* _Exercise data_:

[Start of section]

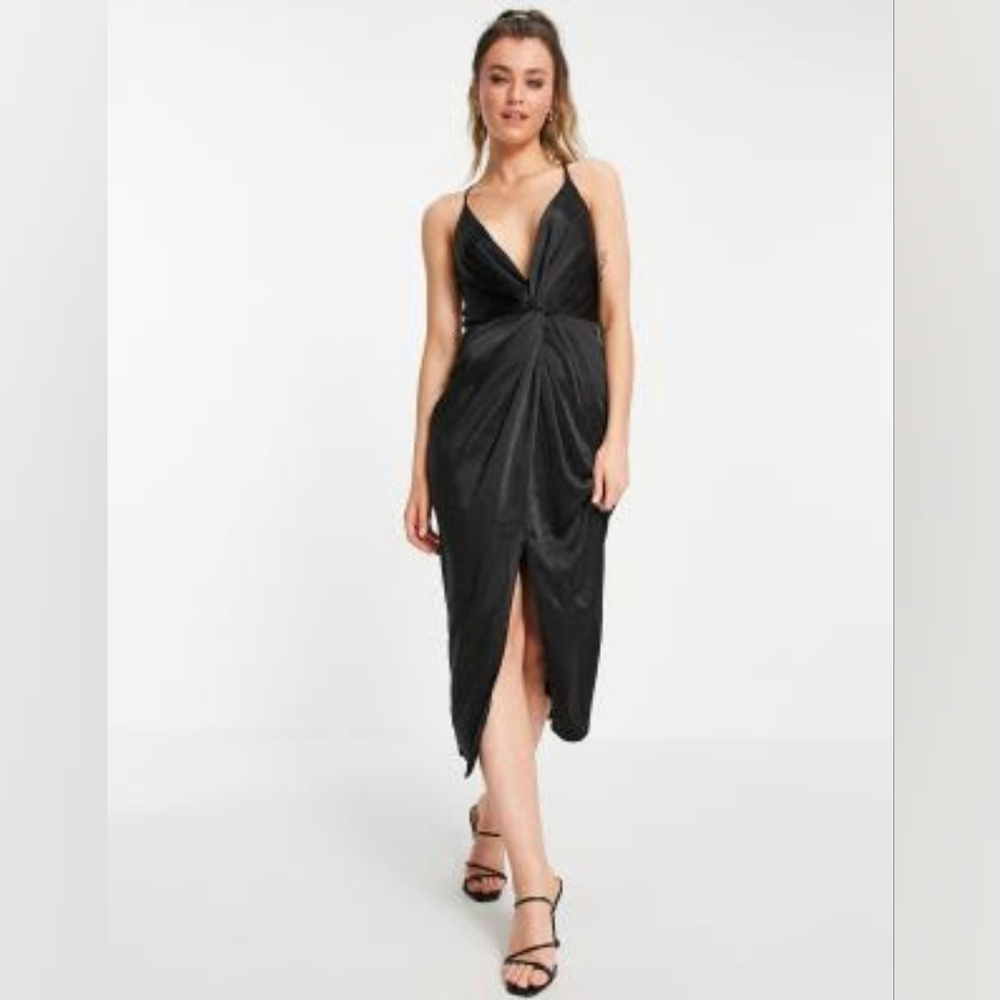 Liquorish satin halterneck midi dress in black / size 6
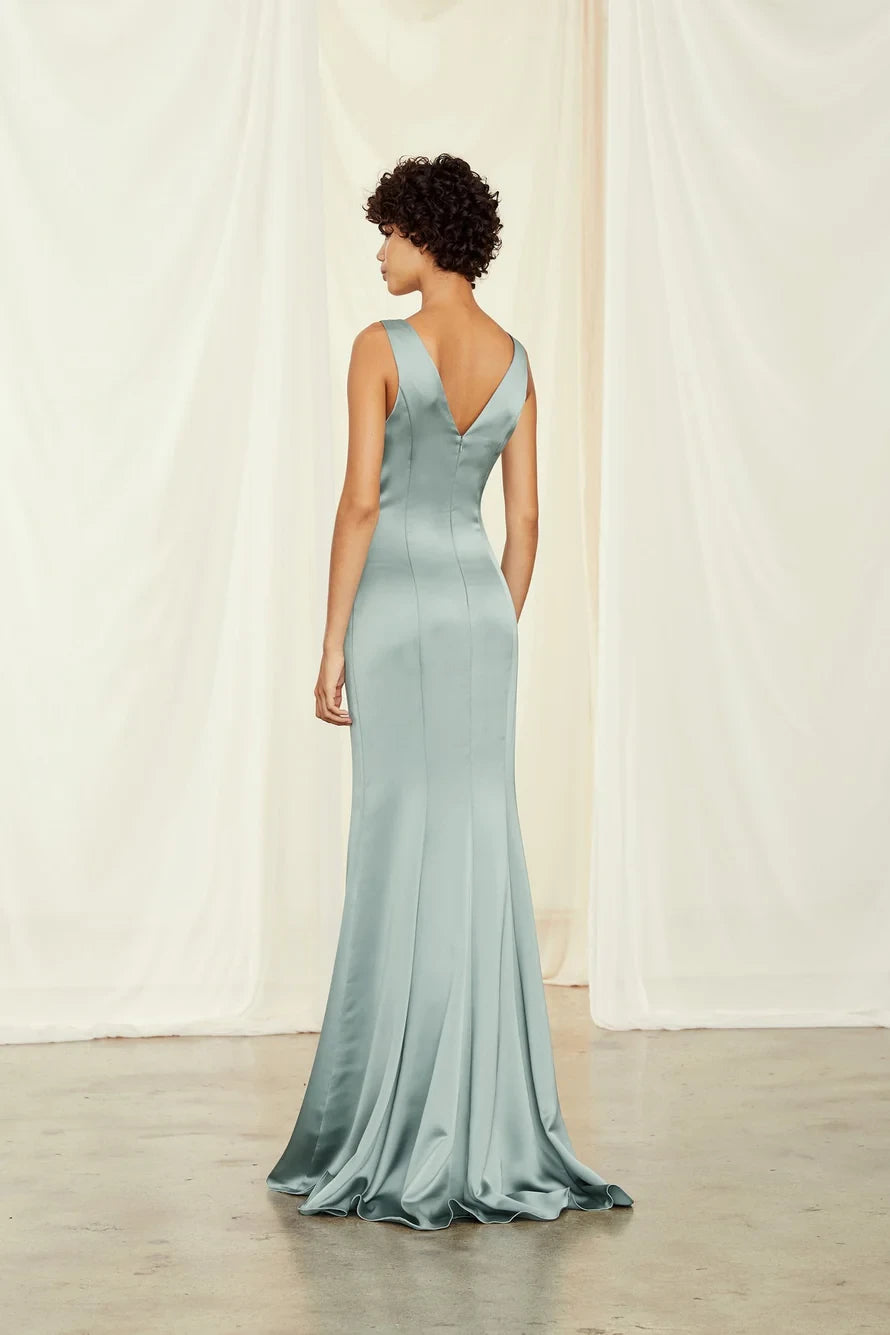 Lustrous Satin Mermaid Plunging V-Neck Sleeveless V-Back Floor-Length Bridesmaid Dresses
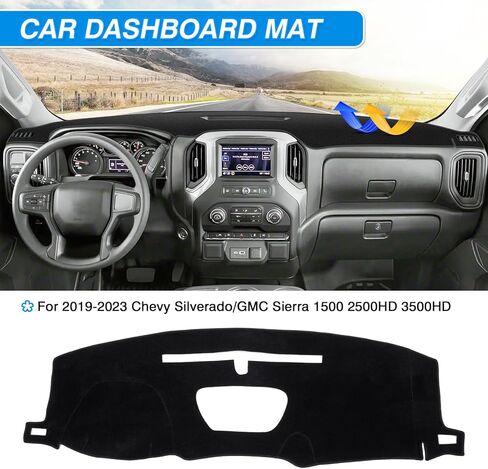 Cartist Dash Cover Fits for 2019-2025 Chevy Silverado 1500 2500HD 3500HD/2019-2023 GMC Sierra 1500 2500HD 3500HD w/o Head U Non-Slip Pad Carpet Anti-Glare in Kuwait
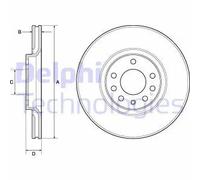 Delphi Dischi freno BG3770C anteriore ventilato - 2 pezzi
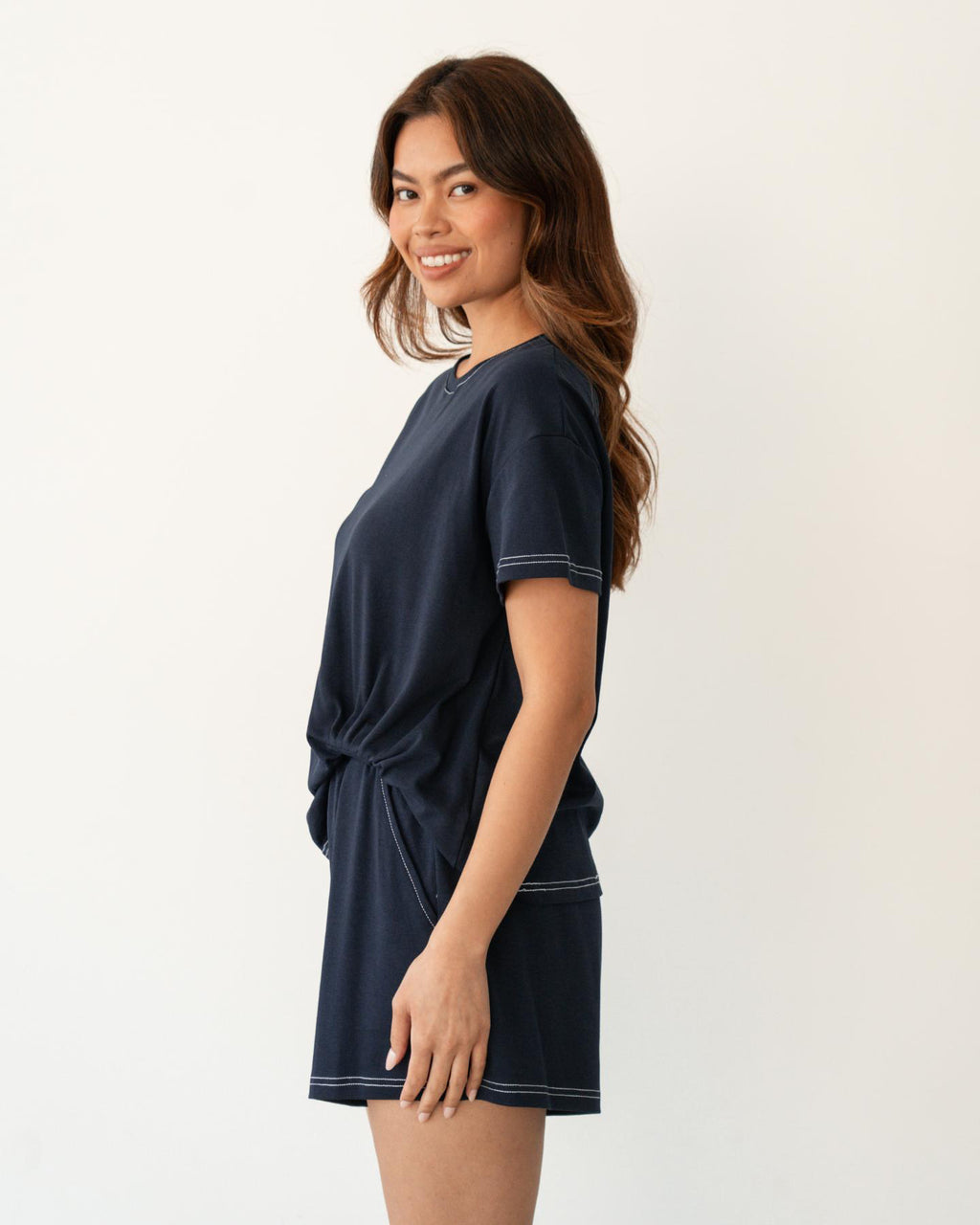 ESTHER EASY TUCK TEE + SHORTS SET - NAVY
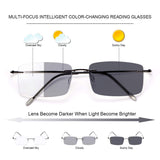 1 x RAW Customer Returns Reading Glasses Men Women Progressive Multifocal Photochromic Sun Readers Flexible Titanium Alloy Sunglasses Spring Hinge Multifocus Reader Focus Intelligent Blue Light Filter Computer Glasses - RRP €32.86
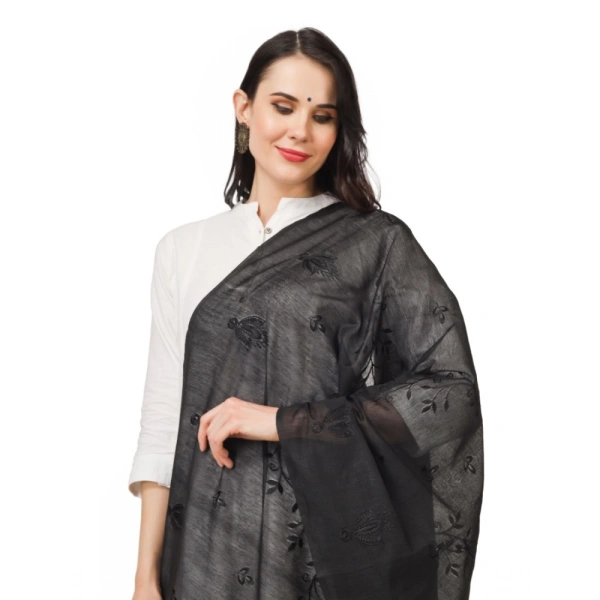Women's Cotton Embroidered Dupatta (Black, Length:Â 2.25 to 2.50 Mtr)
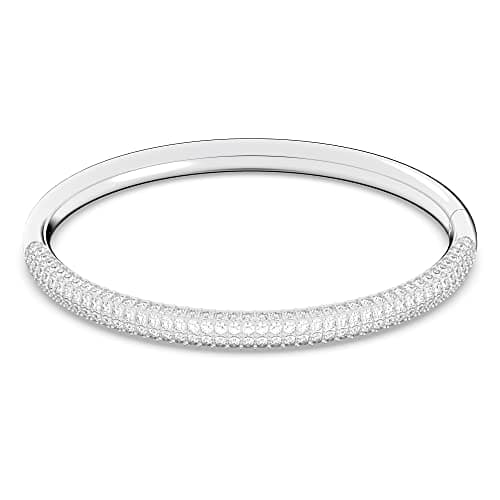 Swarovski Stone Bangle Bracelet Collection for Women, Clear Crystals, Pink Crystals, Elegant Fashion Accessory for Nigh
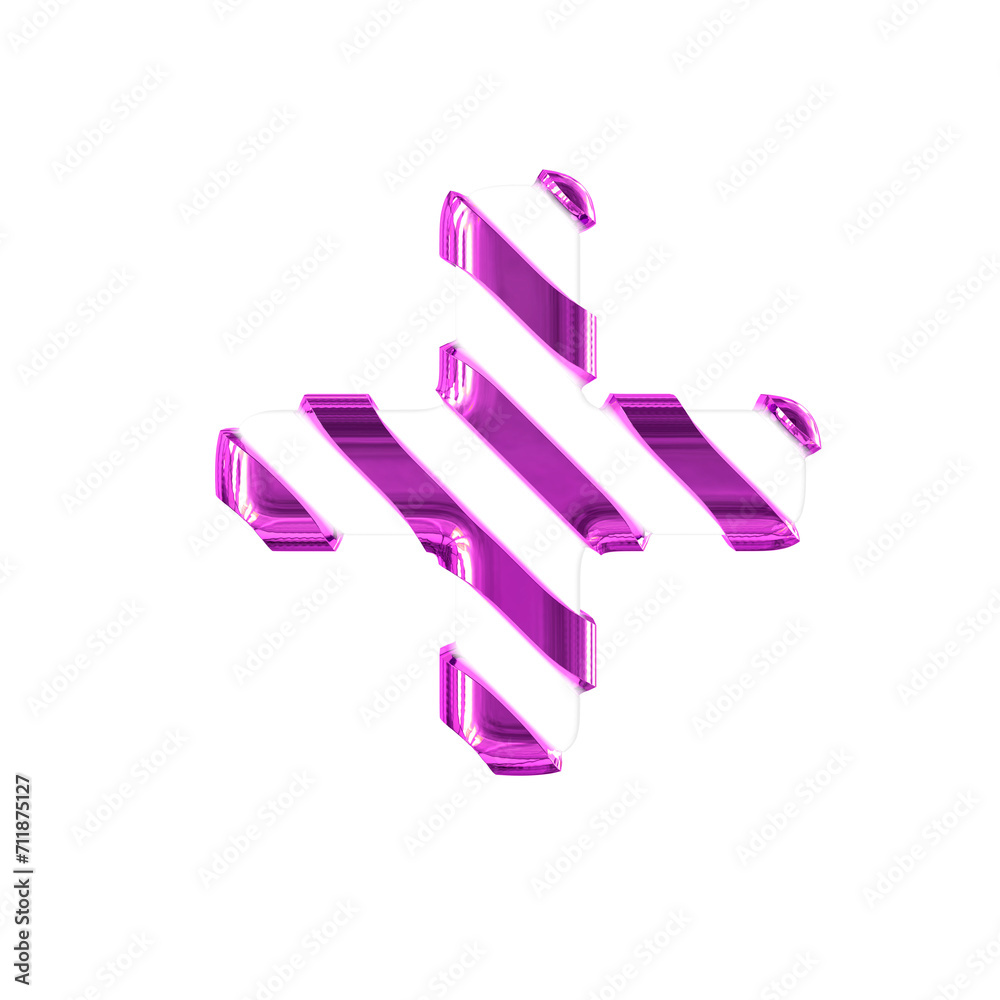 White symbol with thin purple diagonal straps White symbol with thin purple diagonal straps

[End of section]

* _Task objective_:
Write out the lines that run from the line containing "ESTHER EASY TUCK TEE + SHORTS SET - NAVY" to the end of the entries, inclusive, exactly as written. Skip every picture.

* _Solution_:
 ESTHER EASY TUCK TEE + SHORTS SET - NAVY
 1 x RAW Customer Returns Reading Glasses Men Women Progressive Multifocal Photochromic Sun Readers Flexible Titanium Alloy Sunglasses Spring Hinge Multifocus Reader Focus Intelligent Blue Light Filter Computer Glasses - RRP €32.86
Women's Cotton Embroidered Dupatta (Black, Length:Â 2.25 to 2.50 Mtr)
 Swarovski Stone Bangle Bracelet Collection for Women, Clear Crystals, Pink Crystals, Elegant Fashion Accessory for Nigh
 White symbol with thin purple diagonal straps White symbol with thin purple diagonal straps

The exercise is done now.